As Lee navigated through the complex and challenging levels of the game, he encountered obstacles and enemies that tested his skills to the limit. But with determination and perseverance, he fought his way through, inching closer to the ultimate showdown with Eddie the Head.

Meanwhile, back in hell, the band and Rod were growing restless and anxious for their freedom. They knew that they needed to stay strong and unified in order to face whatever challenges lay ahead. With Janick Gers leading the charge and inspiring them with his words of camaraderie, they banded together, ready to confront their tormentor and reclaim their souls.

As the tension mounted and the stakes grew higher, Lee Greatrex finally reached the final level of Legacy of the Beast. In a heart-pounding climax, he faced off against Eddie the Head in an epic battle of wits and strategy. With lightning-fast reflexes and cunning tactics, Lee outmaneuvered the monstrous mascot and emerged victorious.

The moment of triumph was met with cheers and applause from the band and Rod, who watched in awe as Lee broke the spell that had trapped them in hell. The portal opened once more, and they found themselves back in the real world, free from the clutches of Eddie the Head.

As they embraced their newfound freedom and rejoiced in their victory, the band and Rod thanked Lee Greatrex for his bravery and skill in saving them from their untimely demise. They knew that they would never forget the harrowing ordeal they had faced, but they also knew that they were stronger and more united than ever before.

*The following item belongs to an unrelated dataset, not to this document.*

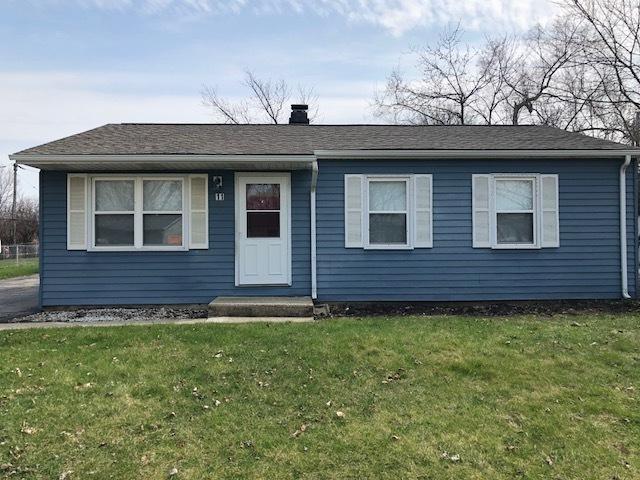 11 E Streamwood Blvd., Streamwood, IL 60107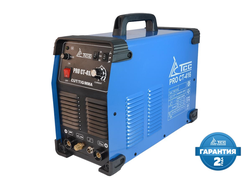 Универсальные (MMA/TIG/CUT)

And so, Iron Maiden continued on their journey, creating legendary music and thrilling fans around the world with their unforgettable performances. And though the road to hell had been paved with good intentions, they had emerged stronger and more determined than ever to face whatever challenges lay ahead.

The legacy of Iron Maiden would live on, forever immortalized in the hearts of their fans and in the annals of rock history. And Eddie the Head, though a formidable foe, had ultimately been no match for the indomitable spirit of the greatest heavy metal band of all time, so up the irons forever!